- _What is expected_: A faithful copy of all the data is the goal; omit the pictures.

- _Source material_:
----

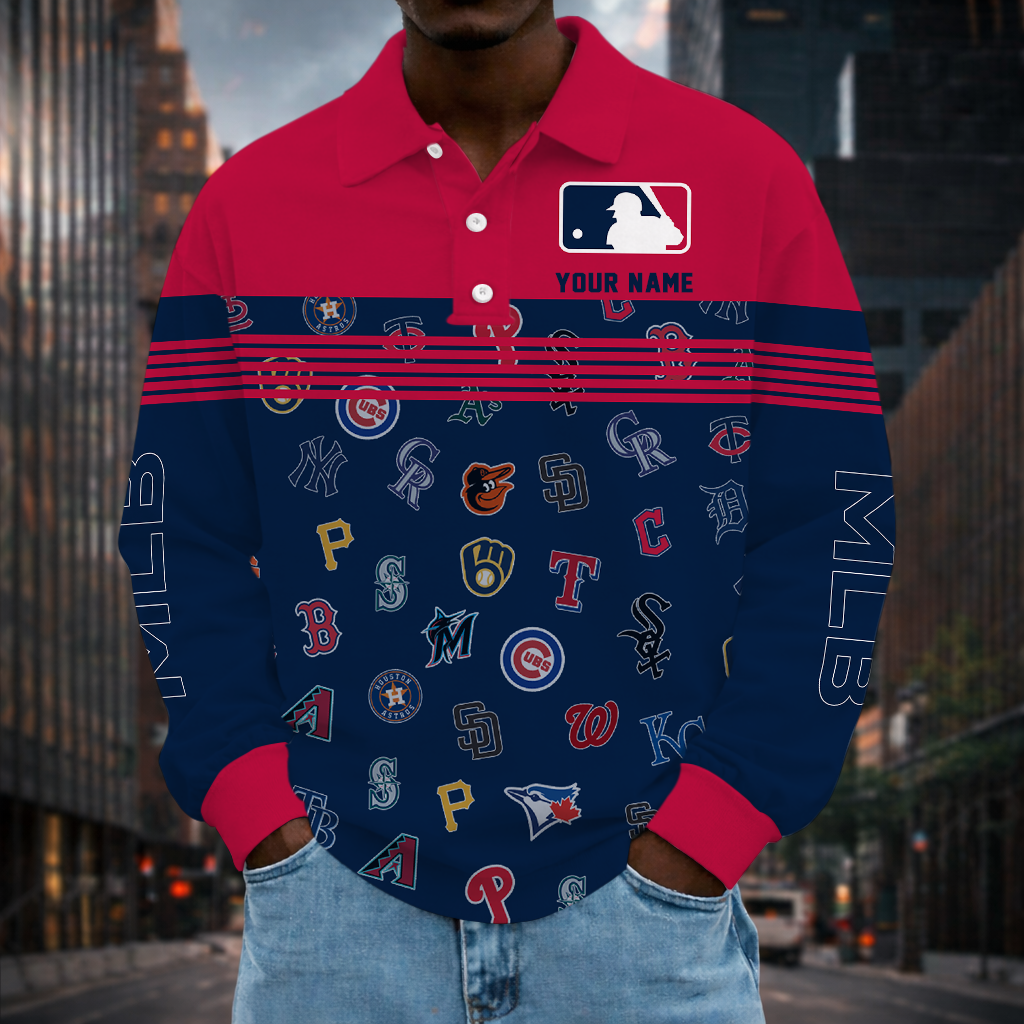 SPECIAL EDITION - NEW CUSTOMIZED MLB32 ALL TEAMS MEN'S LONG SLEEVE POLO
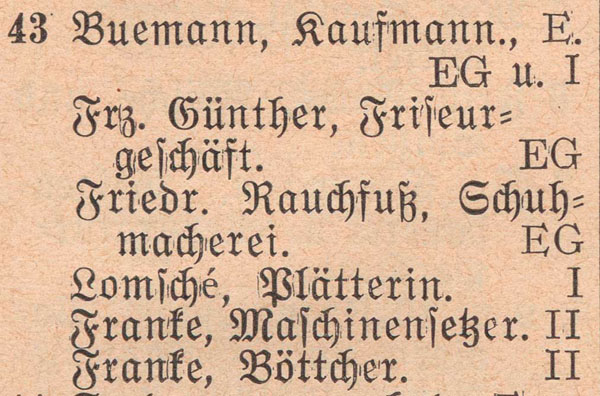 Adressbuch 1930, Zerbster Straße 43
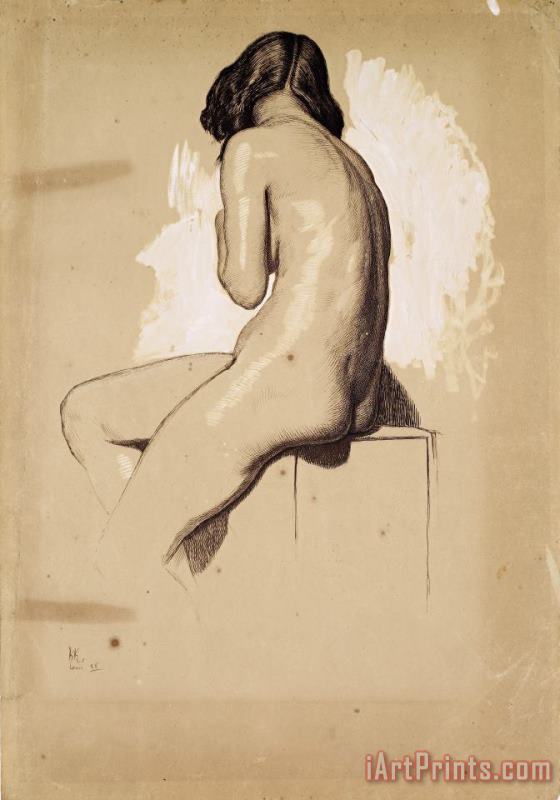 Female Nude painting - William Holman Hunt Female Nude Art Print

----

- _Exercise solution_:
 SPECIAL EDITION - NEW CUSTOMIZED MLB32 ALL TEAMS MEN'S LONG SLEEVE POLO
 Adressbuch 1930, Zerbster Straße 43
 Female Nude painting - William Holman Hunt Female Nude Art Print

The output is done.